Tonnies continues: "Other physicists are at work refuting the paradox of going back in time and killing your parents before you are born. If they're right, a time traveler from the future could interact with others, including his or her past self, so long as no action was taken that would endanger the traveler's own continued existence. It's difficult to visualize how this might work, although the idea makes logical sense. Maybe the best analogy would be a physical system that relies on a principle of least action, such as a ball rolling inexorably downhill."

He further notes: "The fascinating upshot of this is that there's a chance we're indeed being visited by advanced beings from our own future, but their interactions with us would be necessarily limited lest they doom themselves to nonexistence."

Tonnies also wonders if the many UFO sightings that have been reported for decades may not be due to the actions of aliens from the other side of the galaxy, but the result of time-traveling humans masquerading as ET to keep secret their real point of origin.

"If time travel is possible," says Tonnies, "the behavior of UFOs may be at least partially explained: formal contact with us would result in a causality violation of some sort, so they must remain content with maintaining their presence behind a curtain of subterfuge."

Monday, September 24, 2007

Parallel universe proof boosts time travel hopes





But the existence of parallel worlds offers a way around these troublesome paradoxes, according to David Deutsch of Oxford University, a highly respected proponent of quantum theory, the deeply mathematical, successful and baffling theory of the atomic world.

He argues that time travel shifts between different branches of reality, basing his claim on parallel universes, the so-called "many-worlds" formulation of quantum theory.

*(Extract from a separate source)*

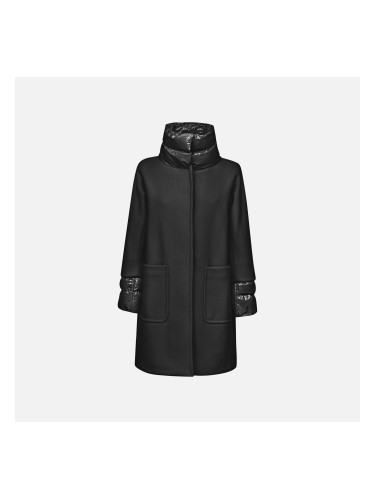 Black Women's Coat Geox Diamanta - Women's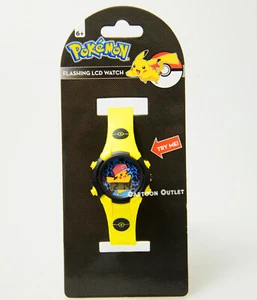 Pokemon Pikachu Watch Kids Boys Digital Wristwatch Flashing Lights Reloj Gift - Picture 1 of 9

The new work bolsters his claim that quantum theory does not forbid time travel. "It does sidestep it. You go into another universe," he said yesterday, though he admits that there is still a way to go to find schemes to manipulate space and time in a way that makes time hops possible.


Suppose someone's figured it out. They're wouldn't be violating causality, so they could enjoy a surprising degree of freedom. If they're a version of homo sapiens, it wouldn't be unreasonable to expect them to be interested in us, in which case some UFO testimony begins to make sense.

As Deutsch is careful to note, quantum time travel doesn't seem to be possible anytime soon. So if popularly described "aliens" are in fact terrestrial visitors from a version of our own future, how advanced are they?

Tuesday, August 07, 2007





New Theoretical Model Eliminates Barriers to Time Travel

A Technion-Israel Institute of Technology physicist has developed a theoretical model of a time machine that could enable future generations to travel into the past. In his paper published in the July issue of Physical Review, noted time-travel theorist Professor Amos Ori provides practical solutions to a number of criteria long seen by other experts as obstacles to the realization of time travel.

(Via Unknown Country.)

Tuesday, April 10, 2007

Of Time Travel and Funding

Traveling to the planets takes big money and we've been part of the squabbing over where NASA money in particular ought to be allocated. But what about projects that take small money? The term is relative, of course, but John Cramer (University of Washington) thinks $20,000 should suffice to run his experiment in time travel, and with NASA's Institute for Advanced Concepts now shutting down, he's having a hard time raising it.


Read on. I can't help but feel Cramer's idea -- if validated -- might have some practical benefits for the computer industry. Perhaps instead of petitioning the NASA bureaucracy he should approach the likes of Bill Gates.